Formerly known as Wikibon

Breaking Analysis: Rethinking Data Protection in the 2020s

Techniques to protect sensitive data have evolved over thousands of years, literally. The pace of modern data protection is rapidly accelerating and presents both opportunities and threats for organizations. In particular, the amount of data stored in the cloud, combined with hybrid work models, the clear and present threat of cyber crime, regulatory edicts and ever-expanding edge use cases should put CxOs on notice that the time is now to rethink your data protection strategies. 

In this Breaking Analysis, we’re going to explore the evolving world of data protection and share some data on how we see the market evolving and the competitive landscape for some of the top players. 

The Evolving World of Data Protection

Steve Kenniston, AKA the Storage Alchemist, shared a story with us and it was pretty clever. Way back in 4,000 B.C., the Sumerians invented the first system of writing. They used clay tokens to represent transactions. To prevent tampering with these tokens, they sealed them in clay jars to ensure that the tokens – i.e. the data – would remain secure with an accurate record that was quasi-immutable and lived in a clay vault.  

Since that time we’ve seen quite an evolution in data protection. Tape of course was the main means of data protection during most of the mainframe era and that carried into client/server computing. Which really accentuated the issues around backup windows and challenges with RTO, RPO and recovery nightmares. 

Then in the 2000’s, data reduction made disk-based backup more popular and pushed tape into an archive, last resort media. Data Domain, then EMC now Dell still sell many purpose built backup appliances as a primary backup target. 

The rise of virtualization brought more changes in backup and recovery strategies as a reduction in physical resources squeezed the one application that wasn’t under utilizing compute – i.e. backup. And we saw the rise of Veeam, the cleverly named company that became synonymous with data protection for VMs. 

The cloud has created new challenges related to data sovereignty, governance, latency, copy creep, expense, etc. 

But more recently, cyber threats have elevated data protection to become a critical adjacency to information security. Cyber resilience to specifically protect against ransomware attacks is the new trend being pushed by the vendor community as organizations are urgently looking for help with this insidious threat. 

Cloud & Cyber as Disruptors

The two major disruptors we’re going to discuss today are the rapid adoption of cloud and the escalating threats in cybercrime, especially as it relates to ransoming your data. 

Every customer is using cloud , 76% are using multiple clouds according to a recent study by HashiCorp. 

We’ve extensively covered the digital skills gap and the challenges this brings to organizations. It’s especially acute in the complicated world of cybersecurity and that is bleeding into backup, recovery and related data protection strategies.
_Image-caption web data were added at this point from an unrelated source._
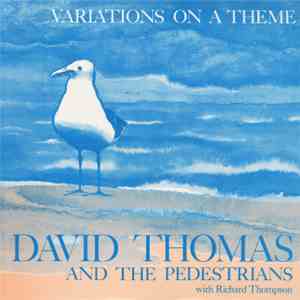 David Thomas And The Pedestrians with Richard Thompson - Variations On A Theme
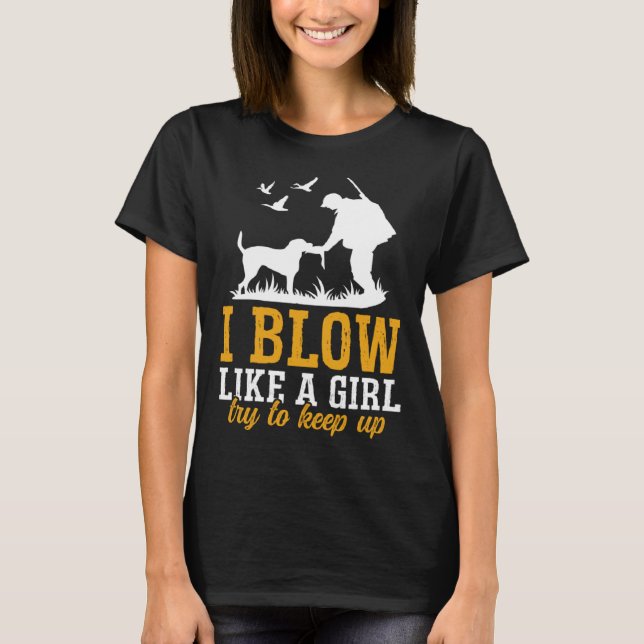 Duck Hunting I Blow Like A Girl Try To Keep Up  1 T-Shirt (Vorderseite)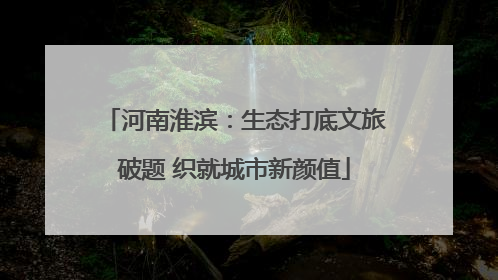 河南淮滨：生态打底文旅破题 织就城市新颜值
Customers are building (or buying) abstraction layers to hide the underlying cloud complexity and essentially build out their own clouds. This is good in that it creates standards and simplifies provisioning and management. However there is a downside in that by creating that layer, it makes things less transparent and creates other problems.  
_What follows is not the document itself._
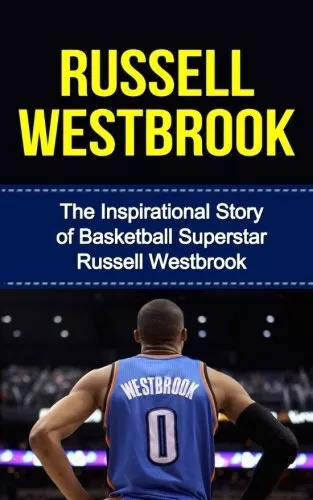 RUSSELL WESTBROOK: THE INSPIRATIONAL STORY OF BASKETBALL By Bill Redban ...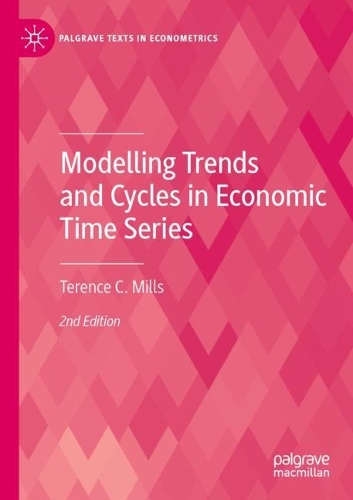 Modelling Trends and Cycles in Economic Time Series. Second Edition 2021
We see these challenges as fundamentally data problems that are accentuated by distributed cloud architectures. For example, ensuring fast, accurate & complete backup & recoveries. Adhering to compliance and data sovereignty edicts. How to facilitate safe data sharing. Managing copy creep. Ensuring cyber resiliency and protecting privacy. These are just some of the issues these disruptors bring to organizations.  
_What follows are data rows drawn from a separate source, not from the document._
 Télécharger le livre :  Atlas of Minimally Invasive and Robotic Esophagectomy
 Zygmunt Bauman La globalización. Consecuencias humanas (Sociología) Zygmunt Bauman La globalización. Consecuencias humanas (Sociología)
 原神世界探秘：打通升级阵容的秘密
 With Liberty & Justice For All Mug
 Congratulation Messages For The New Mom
As it relates to cybersecurity, we’re all learning how remote workers are especially vulnerable and as clouds expand rapidly, data protection technologies are struggling to keep pace. 

Public Cloud is Becoming the Standard Architectural Construct

The chart below quantifies the worldwide revenue and growth of the big four hyperscale cloud vendors and underscores the rapid adoption of these platforms. 

The so-called Big 4 will surpass $115B in revenue this year. That’s around 35% growth relative to 2019, when they generated a combined $86B. Notably, last year these four spent more than $100B in CAPEX building out their clouds.  

We see this as a gift to the rest of the industry. 

To date, the legacy vendor community has been defensive but that narrative is starting to change as large tech companies like Dell, IBM, Cisco, HPE and others see opportunities to build on top of this infrastructure. 

Listen to how Michael Dell is thinking about this opportunity when questioned on theCUBE by John Furrier about the cloud. 

Clouds are infrastructure, right? So you can have a public cloud, you can have an edge cloud, a private cloud, a telco cloud, a hybrid cloud, or multi-cloud, here cloud, there cloud, everywhere cloud cloud. Yes, they’ll all be there, but it’s basically infrastructure. And how do you make that as easy to consume and create the flexibility that enables…everything.  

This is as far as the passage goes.